Eos: Verifiable elections

Work in progress – current development is focusing on an API for elections and cryptography, future work will be directed towards a functional user interface

Comparison with competitors

Helios Eos
Usable Yes No
Good Yes No
Eye Candy No Heck No

Cryptographic details and references

Eos aims to be implementation-agnostic with respect to cryptographic details. The included eos.psr package provides an example implementation with the following particulars:

  • ElGamal encryption
    • MENEZES, Alfred J., Paul C. VAN OORSCHOT and Scott A. VANSTONE. Handbook of Applied Cryptography. CRC Press, 2001. Fifth printing.
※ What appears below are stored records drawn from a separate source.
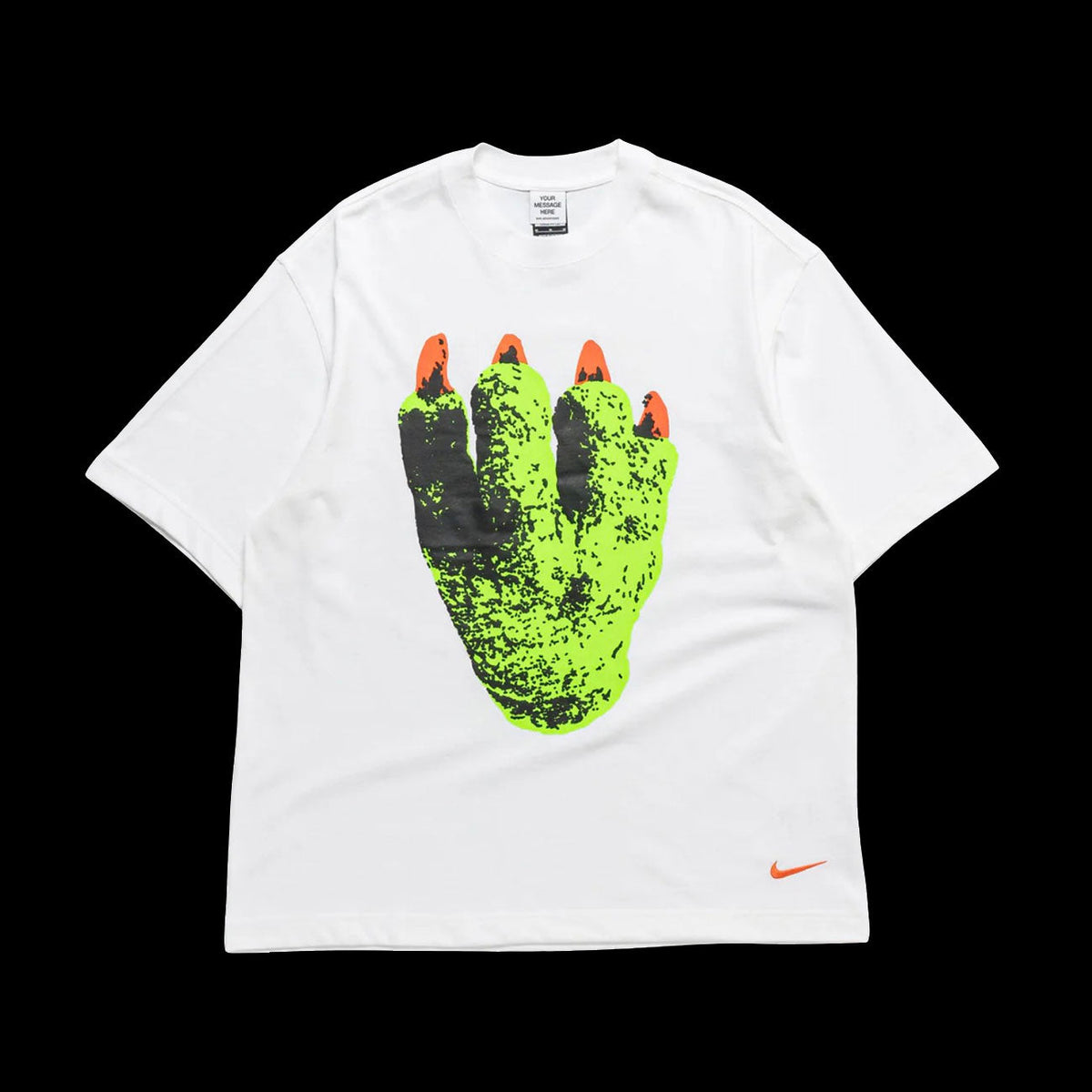 Nike "Your Message Here" T-Shirt (White)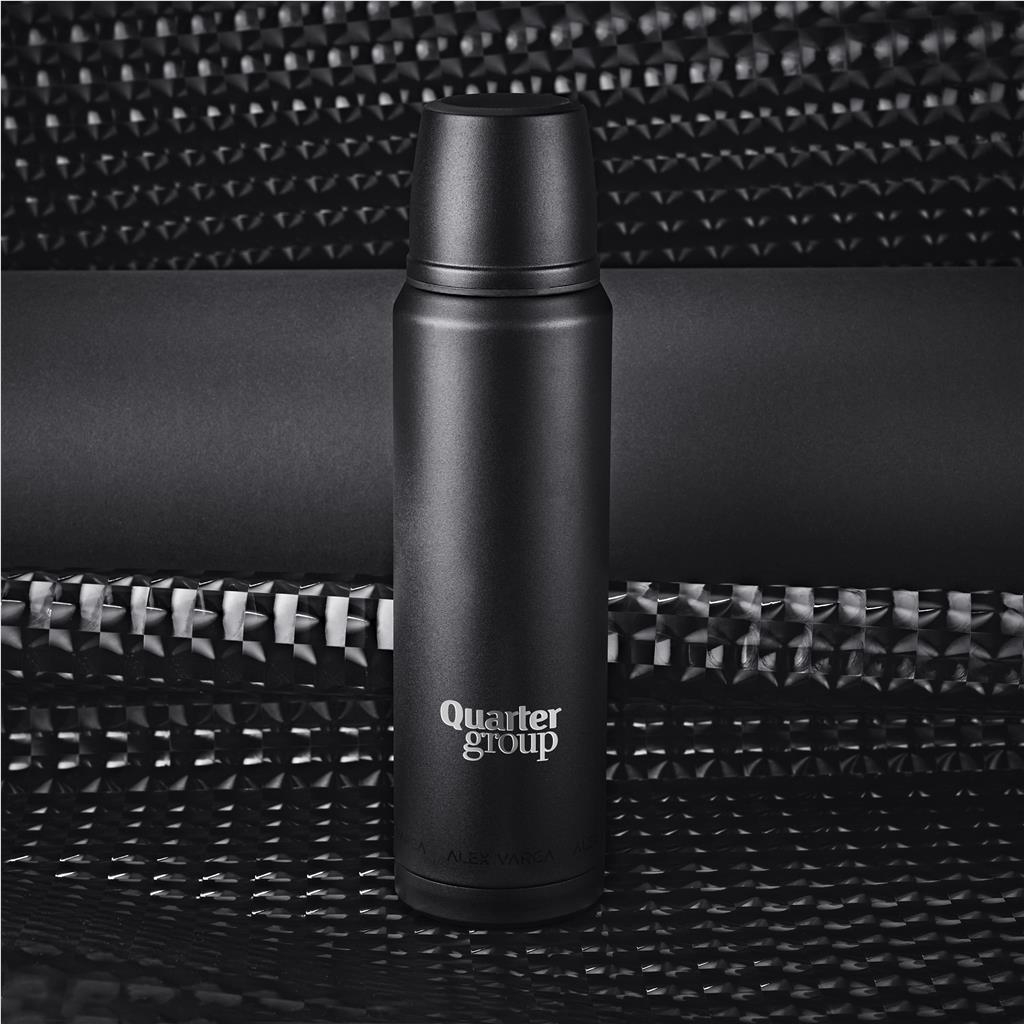 Alex Varga Valhalla Stainless Steel Vacuum Flask – 1 Litre - Image 12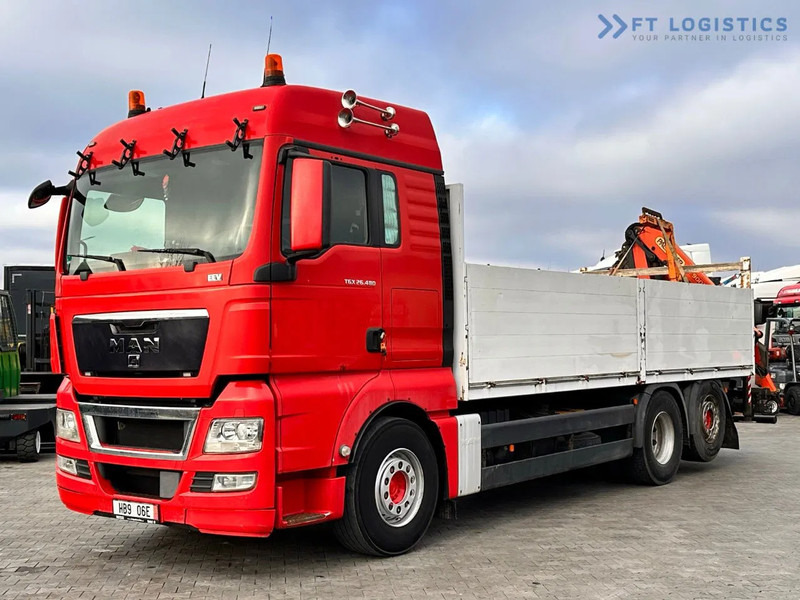 MAN TGX 26.480 Ciężarówka burtowa MAN TGX 26.480 6X2 / PALFINGER PK9002-EH B Crane / 80% Michelin Tire Dodać do ulubionych - Camion cu macara: Foto 3 MAN TGX 26.480 Ciężarówka burtowa MAN TGX 26.480 6X2 / PALFINGER PK9002-EH B Crane / 80% Michelin Tire Dodać do ulubionych - Camion cu macara: Foto 3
ISBN 978-0-8493-8523-0. Available from: http://cacr.uwaterloo.ca/hac/
  • Distributed threshold ElGamal due to Pedersen (1991) – planned
  • Signed ElGamal due to Schnorr and Jakobsson (2000)
    • SCHNORR, Claus Peter and Markus JAKOBSSON. ‘Security of Signed ElGamal Encryption’. In: T. OKAMOTO, ed. Advances in Cryptology – ASIACRYPT 2000. Berlin: Springer-Verlag, 2000. pp. 73–89. Lecture Notes in Computer Science, vol. 1976. ISBN 978-3-540-44448-0. Available from: https://doi.org/10.1007/3-540-44448-3_7
  • Randomised partial checking (RPC) due to Jakobsson, Juels and Rivest (2002)
    • JAKOBSSON, Markus, Ari JUELS and Ronald L. RIVEST. ‘Making Mix Nets Robust For Electronic Voting By Randomized Partial Checking’. In: Proceedings of the 11th USENIX Security Symposium. pp. 339–353. Berkeley: USENIX Association, 2002. Available from: https://www.usenix.org/event/sec02/full_papers/jakobsson/jakobsson.pdf
    • Taking note of points raised by Khazaei and Wikström (2013)
      • KHAZAEI, Shahram and Douglas WIKSTRÖM. ‘Randomized Partial Checking Revisited’. In: E. DAWSON, ed. Topics in Cryptology – CT-RSA 2013. Berlin: Springer-Verlag, 2013. pp. 115–128. Lecture Notes in Computer Science, vol. 7779. ISBN 978-3-642-36095-4. Available from: https://doi.org/10.1007/978-3-642-36095-4_8

Mother of all disclaimers

This is a fun side-project of mine, and should in no way be considered to be a serious attempt to build a production-ready election system suitable for real world deployment. Not even crypto experts are quite up to the task, and I am most certainly not a crypto expert, nor am I anything resembling a professional in any field even tangentially related to cryptographic elections.

I cannot guarantee the security of this implementation whatsoever. In fact, I would go so far as to guarantee that this software has so many holes it gives Swiss cheese a run for its money. That said, please feel free to roast Eos on the issue tracker!